* [What is required]
Reproduce exactly the lines from the one that holds "SGS Biothane Clip Lead (6mm)" through the last line of the entries, both ends included, but not the pictures.

* [Supplied records]
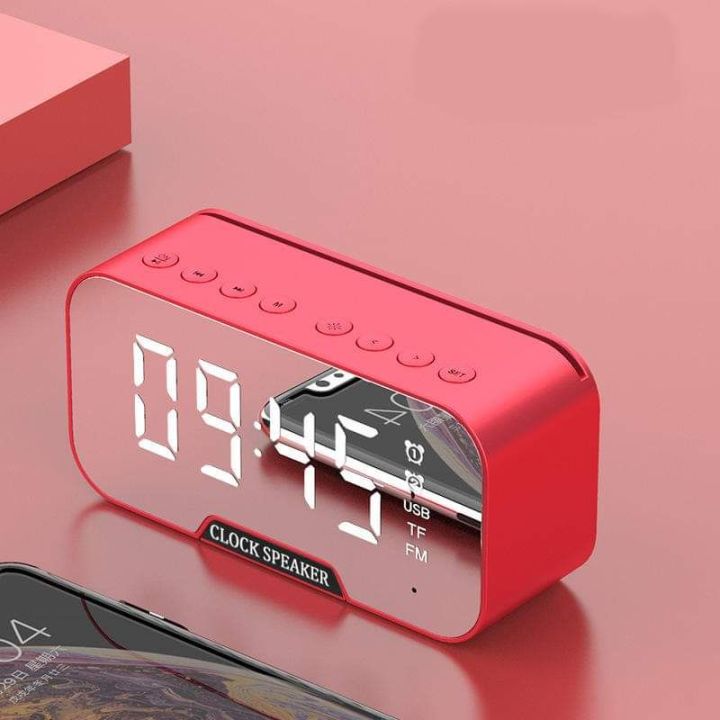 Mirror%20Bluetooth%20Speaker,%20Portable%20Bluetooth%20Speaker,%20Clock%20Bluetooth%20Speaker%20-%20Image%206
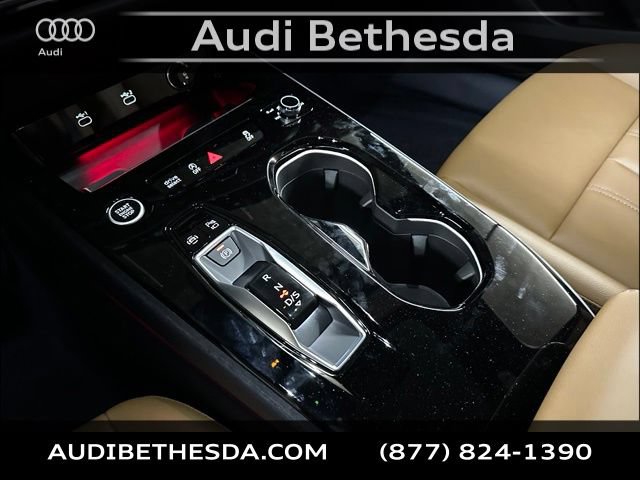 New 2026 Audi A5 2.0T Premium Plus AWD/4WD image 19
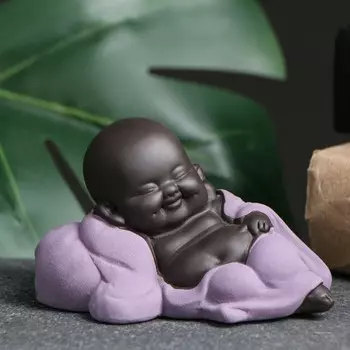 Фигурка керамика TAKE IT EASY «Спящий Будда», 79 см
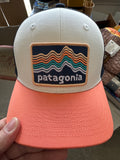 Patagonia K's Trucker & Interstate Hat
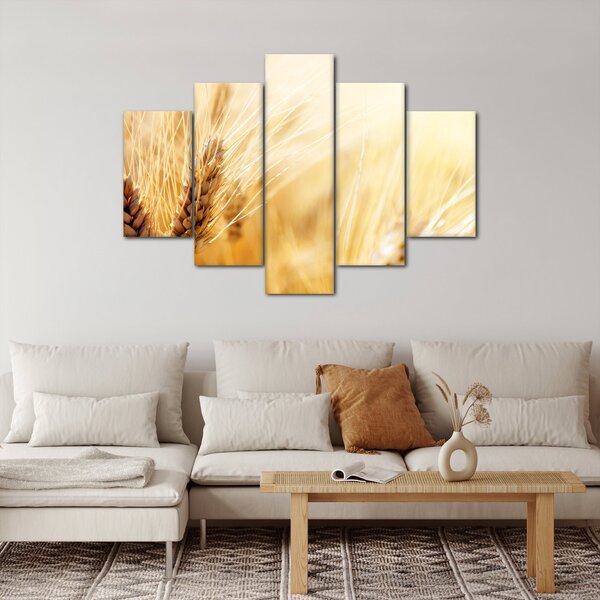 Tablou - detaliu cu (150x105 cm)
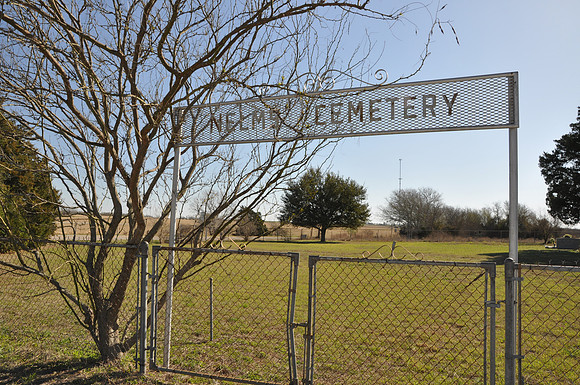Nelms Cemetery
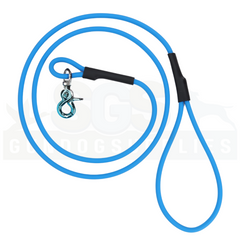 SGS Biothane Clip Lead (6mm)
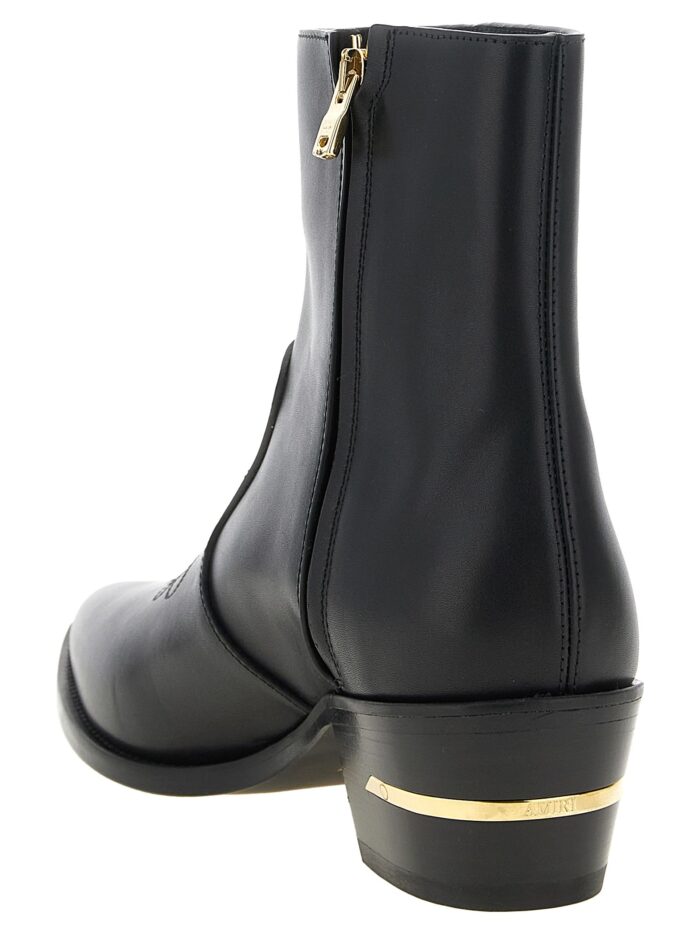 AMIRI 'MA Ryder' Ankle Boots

* [Exercise solution]
 SGS Biothane Clip Lead (6mm)
 AMIRI 'MA Ryder' Ankle Boots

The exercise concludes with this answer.